Есть забавная закономерность: во времена «оттепели» в России героем военного фильма чаще становится один человек («Баллада о солдате», «Летят журавли», «Судьба человека»). Во времена расцвета застоя главным героем войны, напротив, выступает массовка: так, в брежневской эпопее «Освобождение» снимались войска нескольких военных округов. А вот в периоды политического межсезонья — между «оттепелью» и застоем — нашей киноиндустрии свойственно «воевать» именно в масштабах небольшого воинского подразделения: роты, батальона… В такие времена режиссеры, видимо, уже опасаются считать характерной судьбу одного человека (индивидуум никогда не укладывается в рамки государства), но еще и не рискуют делать масштабных обобщений. Вот, в отдельной N-ской роте было так-то, словно говорит режиссер: а как уж там было вообще и почему — не мое собачье дело. «Ротный масштаб» в кино — это желание рассказать правду, но в то же время невозможность рассказать ВСЮ правду. А правда такова: «… Некому, — написано в пресс-релизе фильма «Прорыв», — было в тот момент противостоять двадцатикратно превосходящим силам боевиков». То есть из всей нашей многотысячной группировки в Чечне одна только рота оказалась в «нужном месте в нужное время». Идиотизм командования у нас обычно оборачивается беспримерным героизмом подчиненных, но речь не об этической оценке (по версии фильма, наши генералы все знали, но так надо было). А о том, как, какими мерками, по каким критериям оценивать этот фильм, изготовленный в лучших традициях Главного политуправления МО СССР.
Фильм наше киносообщество уже заранее обозвало заказным, а значит, плохим. В том, однако, что фильм делался по заказу государства, нет ничего плохого. Есть арт-хаус, кино для элиты, где режиссеры вытаскивают наружу подсознание и любуются внутренней противоречивостью героя. А есть боевик, кино для масс, про мужество отчаянных парней: в той же Америке это дело поставлено на поток и никто не стесняется (как говорил режиссер Грымов, зачем Америке тратиться на строительство непобедимого авианосца, когда можно снять фильм про непобедимый авианосец). «Прорыв» — это агитка, пропагандистское кино, и оценивать его нужно по критериям агитки.

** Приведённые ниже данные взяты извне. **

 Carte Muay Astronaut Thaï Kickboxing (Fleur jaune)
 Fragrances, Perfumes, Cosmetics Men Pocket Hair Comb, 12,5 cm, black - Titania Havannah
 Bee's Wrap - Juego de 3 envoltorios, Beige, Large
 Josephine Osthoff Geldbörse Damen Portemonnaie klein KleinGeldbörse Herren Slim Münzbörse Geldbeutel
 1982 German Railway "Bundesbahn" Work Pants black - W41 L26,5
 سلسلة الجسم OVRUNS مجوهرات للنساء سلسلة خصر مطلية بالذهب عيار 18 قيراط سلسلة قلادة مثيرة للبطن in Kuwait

Задача агитки — донести в максимально убедительной и эмоционально-окрашенной форме основные тезисы, внушаемые государством. Задача режиссера — вживить эти мертвые тезисы в уста живых актеров ТАК, чтобы зритель в это поверил. То есть сделать их близкими к правде жизни. Насколько это получилось, наглядно иллюстрируют фрагменты из драматических диалогов фильма «Прорыв»:
— Нужен еще один решительный шаг. Поверь, Мурад, ситуация изменится коренным образом. (Из разговора одного командира бандформирования с другим командиром бандформирования.)
— Вы уже слышали, что сказал по телевизору президент? (Первый вопрос, который задает в родильном доме будущая мама своей свекрови.)

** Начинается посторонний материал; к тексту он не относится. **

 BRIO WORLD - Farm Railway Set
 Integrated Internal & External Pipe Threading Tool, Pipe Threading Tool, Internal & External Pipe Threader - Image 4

— Я за твоей широкой спиной прятаться не собираюсь. (Из разговора сына-лейтенанта с отцом-генералом.)
— Когда нам заплатят деньги? Мы честно отрабатываем наши контракты. (Реплика ваххабита-афроамериканца.)
— Вы никогда не любили? Ну... сердце ни о ком не болит? (Из разговора офицера и медсестры.)
И так далее. Об эффективности такой пропаганды говорить нелепо — ничего, кроме сарказма, она вызвать не способна. Пропаганда — опасное оружие: при неправильном обращении оборачивается против своих создателей.